> **Assigned task**
Restate word for word the entries below, starting with the line with "慕南枝将开机鞠婧祎搭档曾舜晞被网友吐槽没cp感" and continuing through the line with "Aliağa’da taşkın riskine kalıcı çözüm". Include both of those lines and no others.

----------

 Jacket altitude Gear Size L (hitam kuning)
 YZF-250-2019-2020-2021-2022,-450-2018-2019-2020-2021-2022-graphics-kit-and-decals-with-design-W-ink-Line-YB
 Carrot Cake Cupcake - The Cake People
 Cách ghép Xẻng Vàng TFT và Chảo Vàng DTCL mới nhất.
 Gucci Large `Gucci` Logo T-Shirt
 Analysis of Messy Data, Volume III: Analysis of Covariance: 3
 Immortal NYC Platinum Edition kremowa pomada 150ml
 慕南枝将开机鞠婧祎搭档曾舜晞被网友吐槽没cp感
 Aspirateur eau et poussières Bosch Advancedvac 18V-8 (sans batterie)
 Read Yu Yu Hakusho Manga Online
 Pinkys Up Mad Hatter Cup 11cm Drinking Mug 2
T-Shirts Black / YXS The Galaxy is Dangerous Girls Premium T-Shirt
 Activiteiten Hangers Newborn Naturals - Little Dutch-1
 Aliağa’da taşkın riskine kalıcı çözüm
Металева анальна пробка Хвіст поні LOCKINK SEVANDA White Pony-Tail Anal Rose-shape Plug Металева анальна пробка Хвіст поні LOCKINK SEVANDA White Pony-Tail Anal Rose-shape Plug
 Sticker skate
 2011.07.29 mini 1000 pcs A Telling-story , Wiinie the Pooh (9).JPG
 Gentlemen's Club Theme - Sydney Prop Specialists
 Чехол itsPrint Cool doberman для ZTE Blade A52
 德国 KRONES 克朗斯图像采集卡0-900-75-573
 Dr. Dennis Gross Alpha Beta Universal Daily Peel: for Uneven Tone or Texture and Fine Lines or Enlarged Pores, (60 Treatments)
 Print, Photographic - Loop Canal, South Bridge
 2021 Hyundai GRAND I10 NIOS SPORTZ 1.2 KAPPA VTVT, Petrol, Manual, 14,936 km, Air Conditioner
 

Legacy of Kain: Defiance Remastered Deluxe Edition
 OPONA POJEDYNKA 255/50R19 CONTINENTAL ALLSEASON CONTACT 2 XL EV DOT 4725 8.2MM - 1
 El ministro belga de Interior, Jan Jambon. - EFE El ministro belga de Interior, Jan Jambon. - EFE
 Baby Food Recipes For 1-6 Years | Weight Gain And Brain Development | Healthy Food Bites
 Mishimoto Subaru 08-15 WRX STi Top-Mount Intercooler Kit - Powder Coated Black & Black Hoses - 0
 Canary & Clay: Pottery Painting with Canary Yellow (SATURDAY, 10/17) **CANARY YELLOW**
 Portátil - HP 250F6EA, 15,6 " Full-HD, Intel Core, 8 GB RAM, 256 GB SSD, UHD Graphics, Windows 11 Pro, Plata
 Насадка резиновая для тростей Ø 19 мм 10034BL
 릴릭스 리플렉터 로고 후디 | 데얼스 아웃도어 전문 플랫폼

----------

> **Output of the task**
 慕南枝将开机鞠婧祎搭档曾舜晞被网友吐槽没cp感
 Aspirateur eau et poussières Bosch Advancedvac 18V-8 (sans batterie)
 Read Yu Yu Hakusho Manga Online
 Pinkys Up Mad Hatter Cup 11cm Drinking Mug 2
T-Shirts Black / YXS The Galaxy is Dangerous Girls Premium T-Shirt
 Activiteiten Hangers Newborn Naturals - Little Dutch-1
 Aliağa’da taşkın riskine kalıcı çözüm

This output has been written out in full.